ABS, STC, frzione antisaltellamento, frizione automatica, cambio automatico, cambio sequenziale, centraline elettroniche che colloquiano con il motore, variazione del range di utilizzo del motore, fasature variabili, carburatori con cornetti di aspirazione a lunghezza variabile, ammortizzatori a regolazione elettronica e qualche altra diavoleria tecnica che per ora non viene in mente, sono i gadget tanto in voga, applicati sulle moto moderne.
Forse finalmente i costruttori hanno capito che non si può dettare la propria supremazia nel settore motociclistico solo sul campo della maxicilidrate e delle iperpotenze!
Il nuovo campo di battaglia è adesso la tecnologia.
Il petrolio ormai sta finendo e se anche ve ne fossero scorte per mille anni, lo stato di fibrillazione che ha ormai coinvolto tutti gli abitanti del pianeta, lo porterebbe a raggiungere prezzi tali che solo gli sceicchi ed i nababbi potrebbero utilizzarlo per i loro mezzi a motore.
I più grandi scienziati del mondo sono d’accordo nel dire che il pianeta terra è sull’orlo del collasso, quasi al punto di non ritorno.
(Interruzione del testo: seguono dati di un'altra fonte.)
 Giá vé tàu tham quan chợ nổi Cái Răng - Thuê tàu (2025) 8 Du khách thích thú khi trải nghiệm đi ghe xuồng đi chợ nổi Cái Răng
Entro il 2015 si dovrà trovare il sistema per bloccare l’escalation dell’inquinamento.
Dopodichè, se vogliamo che la terra guarisca dai suoi mali, dovremo fare qualche passo indietro, ed ho l’impressione che si comincerà proprio cercando di tagliare il consumo dei carburanti.
Che ci possano essere ancora grandi scorte poco importa.
L’oro nero è diventato il più grande nemico da combattere, e se noi sin da adesso entriamo nell’ordine di idee che questi pochi anni che ci restano ce li dobbiamo sparare alla grande, bruciando benzina e gasolio a più non posso, abbiamo sbagliato di molto.
Dovremmo cominciare a capire che le superpotenze e le ipercavallerie hanno fatto il loro tempo.
Che a noi interessano moto che non consumino molto e che non inquinino molto.
Che ben vengano le diavolerie elettroniche che consentiranno di risparmiare sul carburante (finchè ancora lo potremo usare) di abbassare l’inquinamento e di migliorare la nostra sicurezza.
Serviranno ad accompagnarci lentamente ma inesorabilmente verso quel passo che dovremo fare un giorno.
Fra le novità presentate all’ EICMA di Milano non ho visto nulla di nuovo.
L’unica vera novità per me è stato il Vectrix, un maxi scooter elettrico, di quelli giusti, con un motore all’avanguardia e con batterie leggere di nuova generazione che consentono un’ottima riserva di energia e con ricariche rapide e a basso costo.
Quello sarà per adesso il più imminente futuro.